El matrimonio no se funda ni en la cultura, ni en la historia, ni en el poder, sino en nuestra naturaleza social. El matrimonio arranca naturalmente de la tendencia al amor y perfeccionamiento mutuo que instintivamente sienten entre sí el hombre y la mujer. Es una realidad que implica directamente a dos personas en una relación heterosexual estable de amor mutuo que lleva a la unión íntima y a la comunión interpersonal. Amor, sexualidad y matrimonio están íntimamente conectados y relacionados. Por ello, hoy muchos jóvenes siguen poniendo su confianza en la relación matrimonial como la mejor garantía de estabilidad para la convivencia entre ellos y de remedio contra la soledad y la angustia, pero desgraciadamente no siempre con éxito, como se ve en el número creciente de divorcios, fruto de las desilusiones afectivas y conflictos interpersonales, lo que lleva a preguntarse: ¿vale la pena casarse y especialmente casarse cristianamente?, y ¿qué es lo que el matrimonio aporta al amor?
Por supuesto que pienso que para los creyentes sí vale la pena contraer un matrimonio cristiano, en el que Dios, creador e inventor del amor, esté presente, contribuyendo su gracia, recibida en el sacramento, a que los esposos se amen. El matrimonio no es una unión cualquiera, por lo que el que dos cristianos vivan una transformación tan importante de su vida sin reflexionarla, prepararla y celebrarla en la Iglesia, no es coherente. Secularizar el matrimonio y vivirlo como algo ajeno a la fe, tiene consecuencias muy dañosas. Para empezar. la propia fe es una fuente de alegría, pues supone la aceptación de la buena noticia del evangelio. El matrimonio y la familia son instituciones “provenientes de la voluntad de Dios. Hay que descubrir la verdad de la familia como íntima comunión de vida y amor, abierta a la procreación de nuevas personas, así como su dignidad de “iglesia doméstica” y su participación en la misión de la Iglesia y en la vida de la sociedad”. Es además “el ámbito donde la vida, don de Dios, puede ser acogida y protegida contra los múltiples ataques a los que está expuesta, y puede desarrollarse según las exigencias de un auténtico crecimiento humano” (Juan Pablo II. Exhortación “Ecclesia in Europa” 28-VI-2003, nº 90 y 94).
El sacramento del matrimonio no es tan solo un momento aislado, puesto que fundamenta la vida familiar y hace de ella un signo de salvación.

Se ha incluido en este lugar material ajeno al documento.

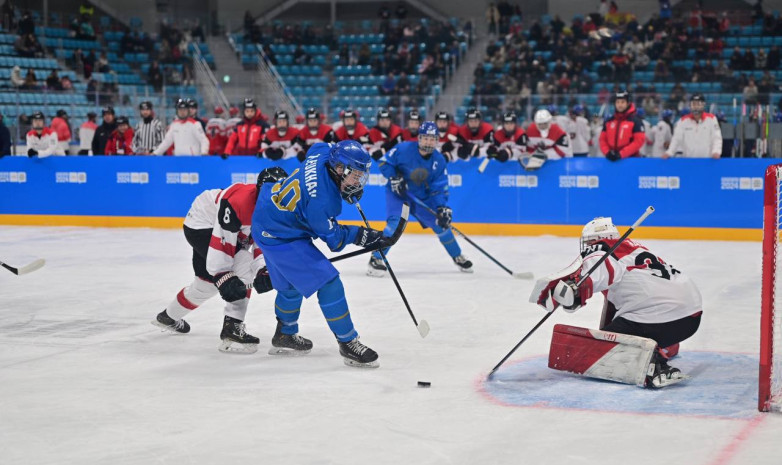 Разгромом завершился матч сборной Казахстана по хоккею на юношеских ОИ-2024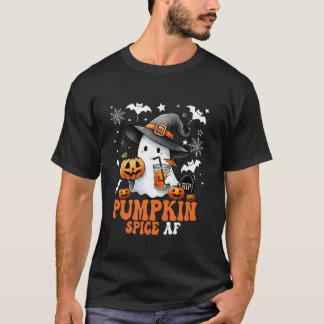 Camiseta Especie De Calabaza Y Famoso Café Fantasma Hallowe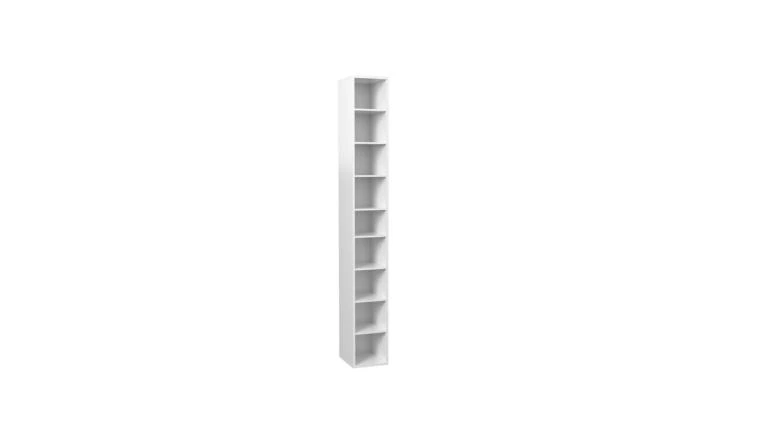 MEUBLE RANGE CHAUSSURES STEP 9 COMPARTIEMENTS BLANC 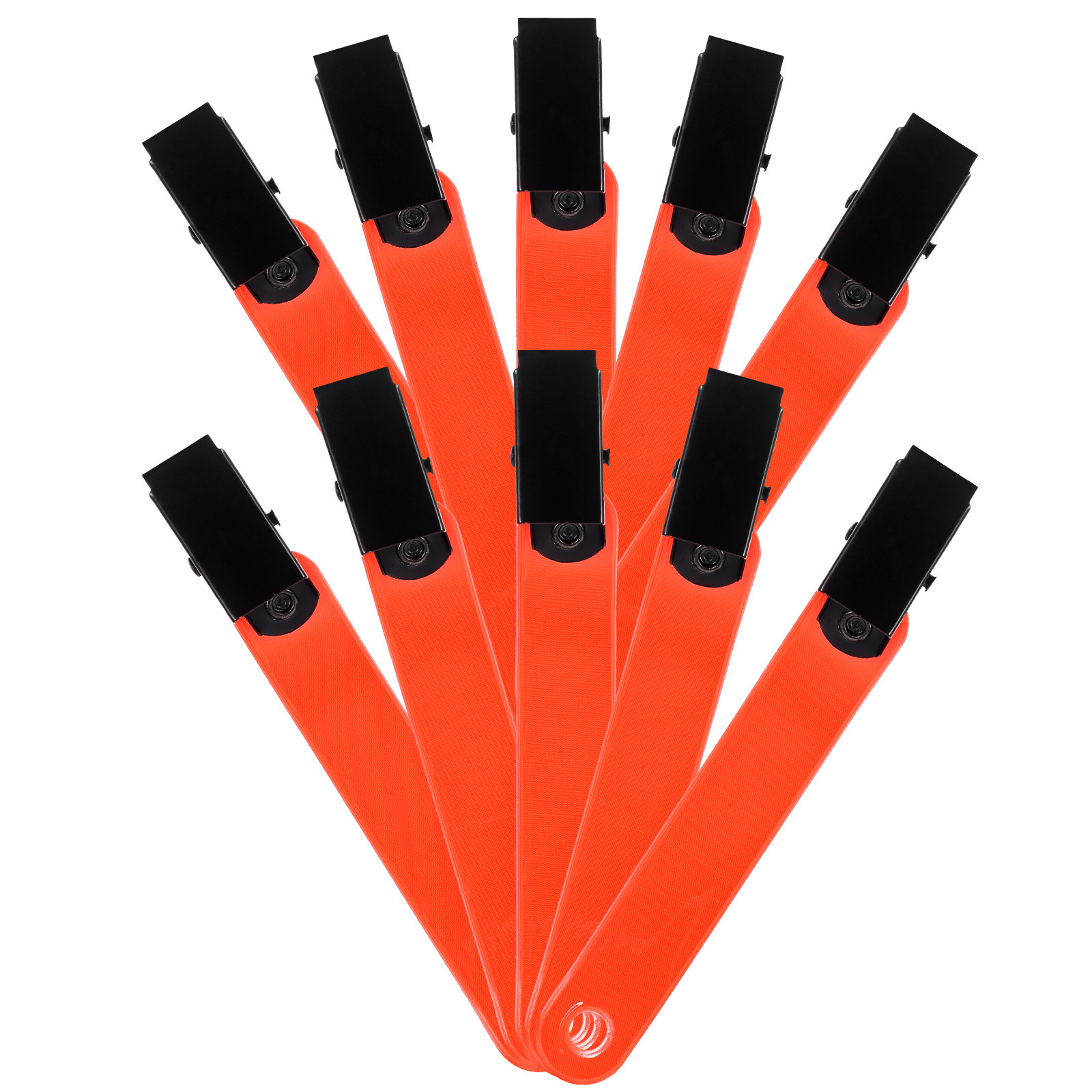 12 ชิ้น แถบสะท้อนแสงสีฟลูออเรส - Running Visibility Gear บทวิจารณ์และราคา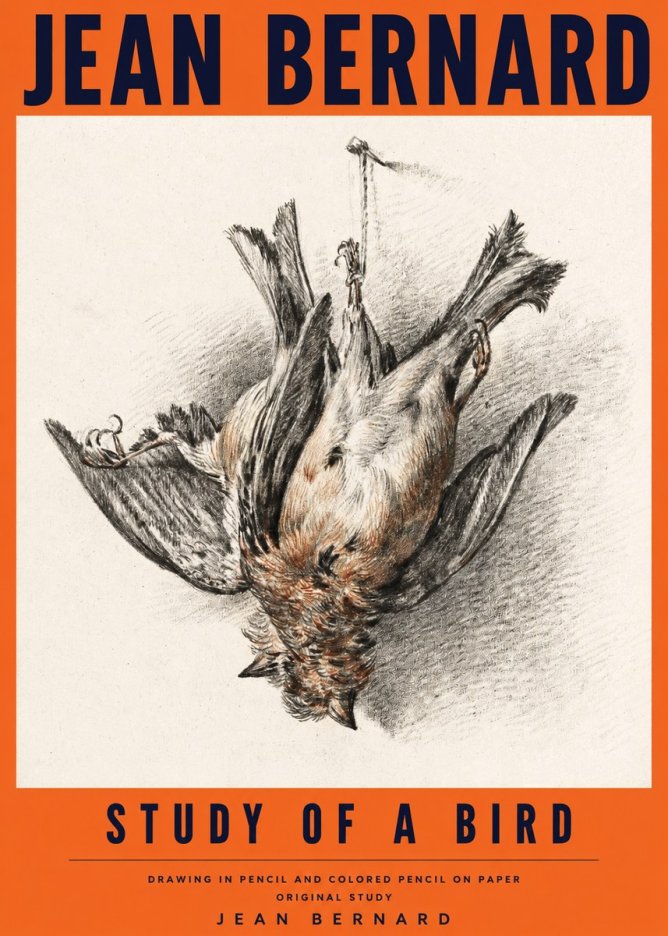 Jean Bernard Study of a Bird IV No4 - Poster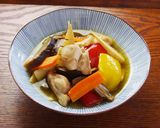 鶏としいたけの煮物作り方7写真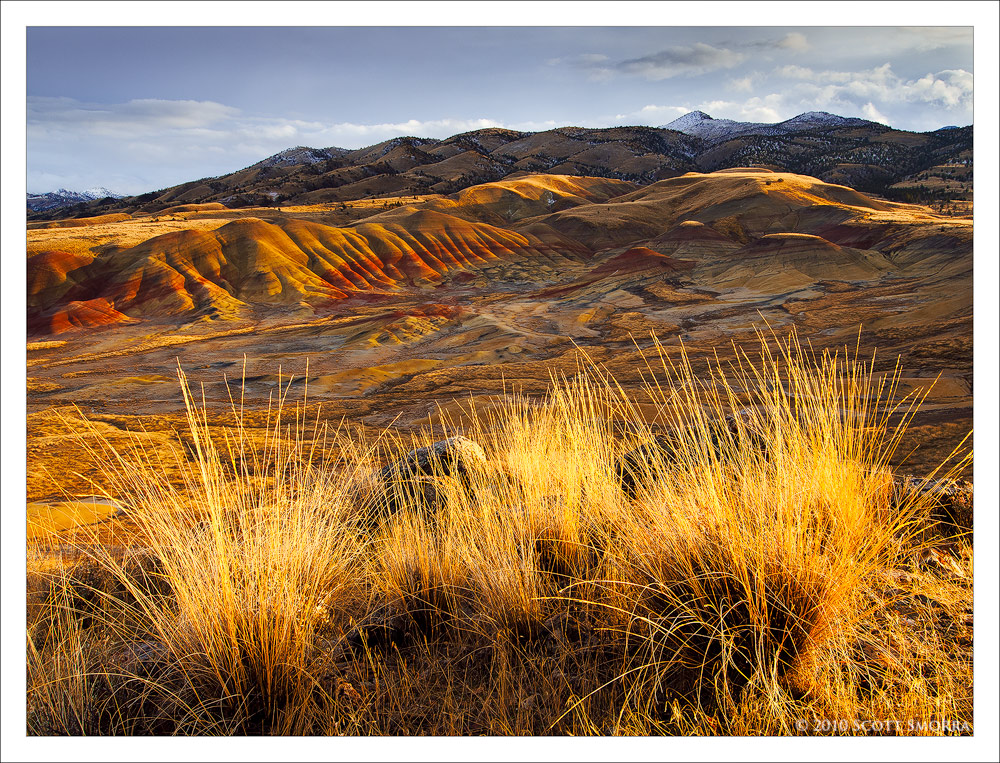 Painted Hills Sunset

Pero esto exige por parte de los novios un creer en lo que la Iglesia les propone, cuando vienen a pedirle que ratifique su amor y les ayude a vivirlo en plenitud, pues somos pecadores necesitados de la ayuda divina. La frase evangélica “creo, Señor, pero ayuda mi fe” (Mc 9,24) ha de transformarse en la vida de los que se aman en “creo, Señor, pero ayuda y aumenta nuestro amor”.
El amor es la primera y debe ser la última palabra, para lo que hay que ayudarlo con el convencimiento y la esperanza de que puede durar toda la vida. Pero, además, la visión integral del amor, del matrimonio y de la familia sólo es posible desde la fe. La familia cristiana es un quehacer desde la fe y tiene su origen en ese amor conyugal que el sacramento transforma profundamente, haciendo del matrimonio un misterio, el del amor de Dios vivido en la realidad concreta del amor, la ternura y la íntima convivencia conyugal.
De este modo, la vida matrimonial se transforma en vocación que perfecciona y desarrolla las gracias recibidas en el bautismo, de manera que cada persona y familia cristiana forma parte de la historia de la salvación y contribuye a la edificación de la Iglesia, que a su vez coopera en la santificación de los cónyuges y de la familia.